On Wall Street, the Dow Jones Industrial Average .DJI blasted through the 21,000-point mark for the first time.
“Trump’s speech to Congress didn’t create any new concerns, it didn’t create new information either so there was nothing really negative coming out of that so I think its an ongoing commitment to fiscal stimulus,” said Damien Hennessy, co founder of Heuristic Investment Systems.
Financial and material stocks swept gains in the upbeat benchmark index where the world’s biggest miner by market capitalization BHP Billiton, gaining over 3 percent, led gains.
Mining giant South32 soared 10 percent at one point to record its biggest one-day gain in over a year as aluminium prices hit their highest since May 2015.
Copper prices touched their highest in over a week as manufacturing data from China displayed potential for strong demand.
The ASX 300 Metals and Mining index snapped a 6-day losing streak and surged 3.3 percent.
Nickel miner Independence Group soared as much as 8.9 percent to record its biggest one-day gain in 3 months.
“The materials sector’s really reflecting the global growth, particularly the better PMI indices data from China today,” Hennessy said.
China’s factory activity expanded faster than expected in February as domestic and export demand picked up, adding to signs that the global economy is regaining momentum.
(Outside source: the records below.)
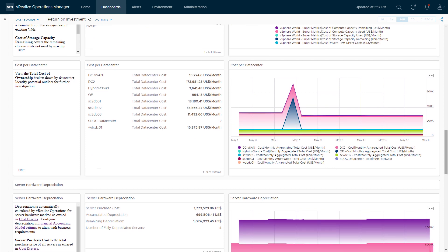This next section takes the total cost of ownership and breaks it down by data center. You may have some data centers that are more expensive than others — perhaps primary data centers versus branch offices. It helps you see where costs are going from a data center perspective. You may spot some interesting outliers, like one data center being more expensive than another, which may be worth investigating.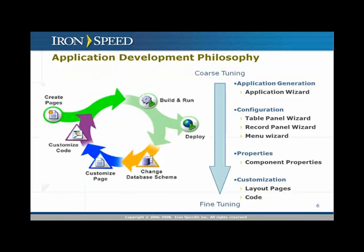In terms of the philosophy itself, we have a way for you to quickly generate an entire application through an application wizard. You simply specify your tables and the pages you want, and the wizard creates it. But obviously, the starting point may not have all of the pages exactly how you want them, so you'll want to fine-tune.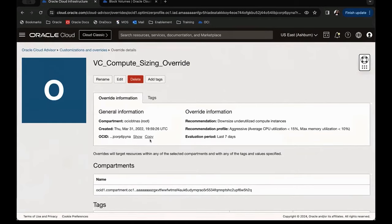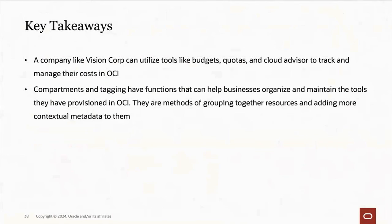Thank you so much for attending. Thank you Olivia and Uma for such a great session and for explaining everything so clearly. We look forward to seeing you again on March 19th for another exciting session on Oracle Cloud networking, covering core OCI networking services and design concepts. Please don't forget to register, bookmark the Day One and Beyond page, and check frequently for new sessions. Have a great day everyone.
Financial stocks also cheered the benchmark, with the “Big Four” banks dominating gains, rising 1.2 percent to 1.3 percent.
Australia’s No.3 lender by assets Westpac Banking Corp gained as much as 2 percent to its highest in 18 months.
Global banking shares were also buoyed by growing expectations of a U.S. interest rate hike later this month.
At the same time, supermarket operator Woolworths fell 1.4 percent at one point after the stock traded ex-dividend while telecom giant Telstra extended losses from the previous session, down 1.4 percent, after trading ex-dividend.
New Zealand’s benchmark S&P/NZX 50 index gained 0.7 percent or 49.84 points to 7,198.62 at 1215 GMT. The benchmark hit its highest since October 2016.
Utilities and healthcare stocks lifted the benchmark as retirement village operator Metlifecare gained 2.5 percent.